En conclusion, le dispositif final de contrôle des micro-PAC, tel qu’il ressort du décret du 10 février 2009, n’a pas apaisé les craintes exprimées par les praticiens et la doctrine. En effet, la procédure mise en place semble à ce jour peu protectrice non seulement des droits des entreprises mises en causes, mais également de ceux des victimes des pratiques anticoncurrentielles. D’une part, la procédure de contrôle des micro-PAC accorde une protection limitée aux auteurs des pratiques (à titre d’exemple, on notera que la décision du ministre ne fait l’objet d’aucune homologation par l’Autorité de la concurrence, qu’aucun délai n’est imposé à l’heure actuelle au ministre pour rendre sa décision, et enfin qu’à ce jour, aucun recours n’est prévu à l’encontre de la décision du ministre).

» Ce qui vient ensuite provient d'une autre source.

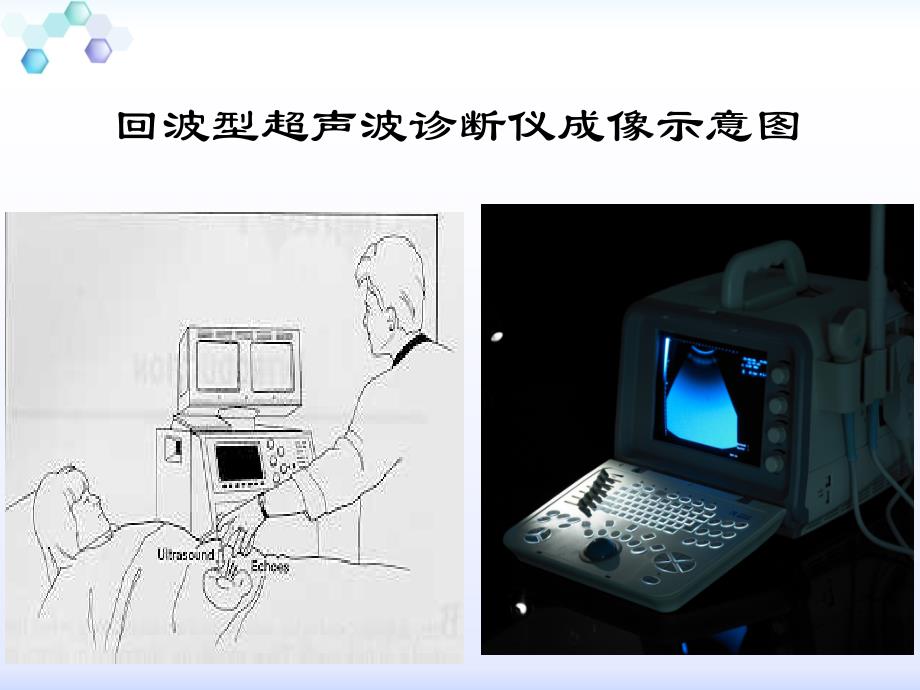 超声基础及临床应用_第2页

D’autre part, les victimes des pratiques anticoncurrentielles ne sont pas impliquées dans la procédure de transaction et ne sont donc pas en mesure de faire valoir leurs observations auprès du ministre de l’économie. Par ailleurs, le respect de la décision du ministre de l’économie mettant fin à toute action à l’encontre de l’auteur des pratiques devant l’Autorité de la concurrence, la victime des micro-PAC est privée de tout recours administratif. En outre, alors qu’en règle générale la victime peut utiliser une décision de l’Autorité de la concurrence à l’appui d’une action en dommages et intérêts devant les juridictions judiciaires, l’absence de publicité des décisions du ministre limite considérablement les chances de la victime de prouver l’existence d’une pratique anticoncurrentielle et, en conséquence, d’obtenir réparation du préjudice qu’elle subit du fait de cette pratique.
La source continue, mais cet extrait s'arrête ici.